With the calculated \(\Delta E_i\) the probability amplitude of finding a final state to be \(f\) with wave vector \(\mathbf{k}\) and polarization \(\sigma\) is then
\[c_{f k \sigma}(t)=\left\langle f \boldsymbol{k} \sigma\left|\hat{H}_{\mathrm{int}}^{\prime}\right| i 0\right\rangle \frac{\exp \left(-\frac{\mathrm{i}}{\hbar}\left(E_{\mathrm{i}}+\Re\left(\Delta E_{\mathrm{i}}\right)-\hbar \omega_{k}\right) t\right) \exp \left(-\gamma_{\mathrm{i}} t / 2\right)-1}{E_{\mathrm{i}}+\Re\left(\Delta E_{\mathrm{i}}\right)-E_{\mathrm{f}}-\hbar \omega_{k}+(\mathrm{i} / 2) \hbar \gamma_{\mathrm{i}}}\tag{6.14},\]from which the probability of finding a specific final state after a long time is
\[\begin{aligned} \lim _{t \rightarrow \infty}\left|c_{\mathbf{f} k \sigma}\right|^{2}=&\left|\left\langle f \boldsymbol{k} \sigma\left|\hat{H}_{\text {int }}^{\prime}\right| i 0\right\rangle\right|^{2} \\ & \times \frac{1}{\left(E_{\mathrm{i}}+\Re\left(\Delta E_{\mathrm{i}}\right)-E_{\mathrm{f}}-\hbar \omega_{k}\right)^{2}+\hbar^{2} \gamma_{\mathrm{i}}^{2} / 4}. \end{aligned}\tag{6.15}\]Eq.(6.15) reflects the intensity distribution of the emitted line: The spectral line has a Breit-Wigner distribution with center \(\hbar \omega_{k}=E_{\mathrm{i}}+\Re\left(\Delta E_{\mathrm{i}}\right)-E_{\mathrm{f}}\) and half-width \(\hbar \gamma_{\mathrm{i}} ;\). Because of the self-energy of the electron, emission and reabsorption of photons results in the spectral line being shifted by \(\Re\left(\Delta E_{\mathrm{i}}\right) .\)

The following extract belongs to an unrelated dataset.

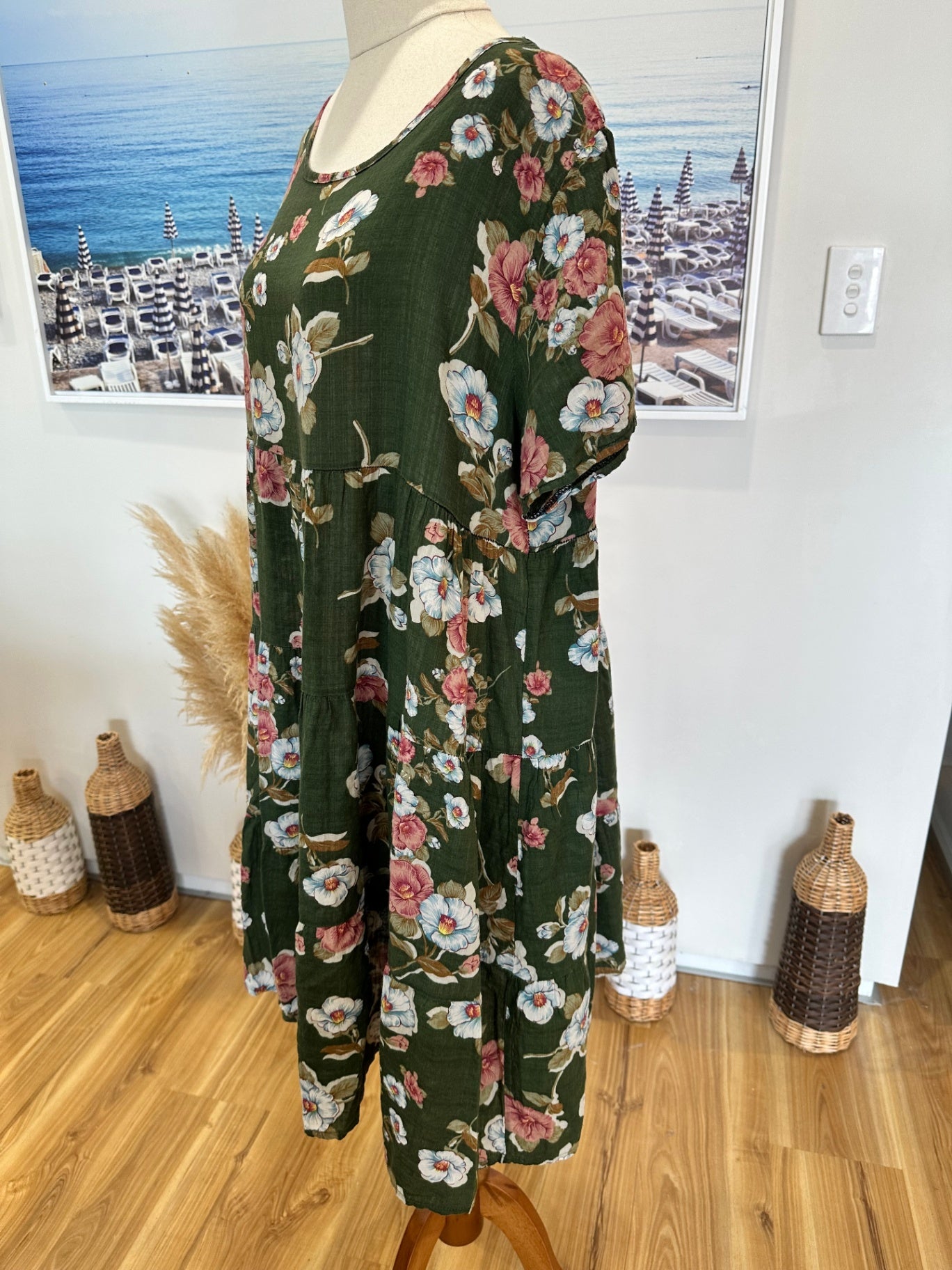 Bohemian Dress - Medium - Green with multicolored floral pattern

Figure 3. Breit-Wigner form of the spectral line
Conclusion
Let us call a stop to this radiation-matter interaction journey. This is the first time I write a series of blogs for quantum field theory basics. There are still so many aspects we can talk about this amazing starting point towards the general application of QFT. Along the way I learned that a good theory always starts from a basic equation that is not going to breakdown no matter what. To derive useful conclusions from a theory we have to keep coming back to the basics to assure ourselves that the final results are not artificial but can be interpreted using real-world phenomena. I also restrained myself to only focus on the aspects that might be helpful for me to better understand the polaron theory, hopefully more about polaron theory will be finished after my prelim exam.
References
[1] Greiner, Walter. Quantum Mechanics: Special Chapters. Berlin-New York: Springer, 1998.